• [Your objective]:
What you output must match, exactly, the lines from the start of the records to the line containing "Which can be", both ends kept and pictures excluded.

• [Provided records]:
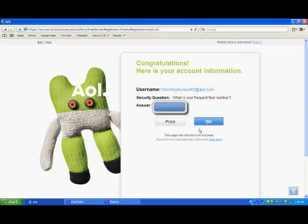It's going to say congratulations. Here's your account information. It's going to bring your username, your security question and answer. And then I'm never going to really use this account. So, it's okay. And then you're going to hit, okay.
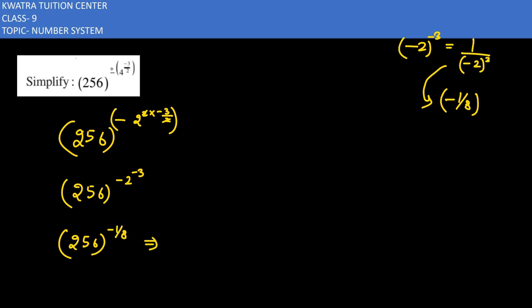Which can be written as minus 1 by 8, minus 1 over 2 to the power 1. Okay, so that would be your answer for this one.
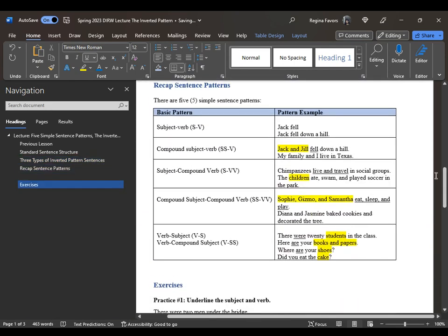Let's recap sentence patterns. From the previous lesson: subject-verb — Jack fell, Jack fell down a hill. Compound subject-verb — Jack and Jill fell down a hill; my family and I live in Texas. Subject compound verb — chimpanzees live and travel; the children ate, swam, and played. Compound subject, compound verb — Sophie, Gizmo, Samantha are three subjects doing three different things: eat, sleep, and play. And then Diana and Jasmine baked cookies and decorated the tree. For verb-subject: there were 20 students in the class — were is the verb in plural form; 20 is an adjective describing students. Also: here are your books and papers, where are your shoes, did you eat the cake.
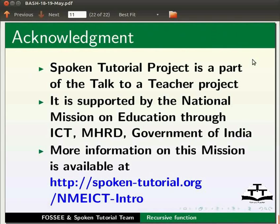The script has been contributed by FOSSI and Spoken Tutorial team. This is Ashwini Patil signing off. Thank you for joining.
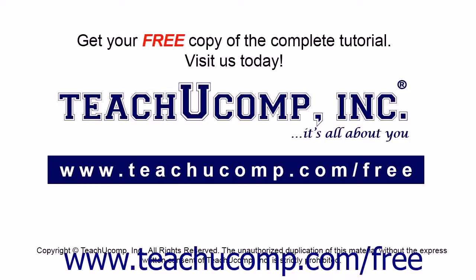Get your free copy of the complete tutorial at www.teachucomp.com/free.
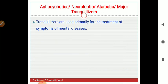So antipsychotic drugs — now we will discuss their classification. Antipsychotic drugs are agents used in the treatment of psychosis or mental illness such as schizophrenia, bipolar disorder, etc. Antipsychotics are also known as neuroleptics, also known as ataractics, and also known as major tranquilizers.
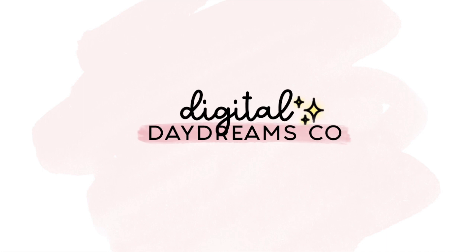Hey guys, I wanted to hop on here really quick to let you know that I have officially reopened my Etsy shop. It is now called Digital Daydreams Co.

• [Result]:
It's going to say congratulations. Here's your account information. It's going to bring your username, your security question and answer. And then I'm never going to really use this account. So, it's okay. And then you're going to hit, okay.
Which can be written as minus 1 by 8, minus 1 over 2 to the power 1. Okay, so that would be your answer for this one.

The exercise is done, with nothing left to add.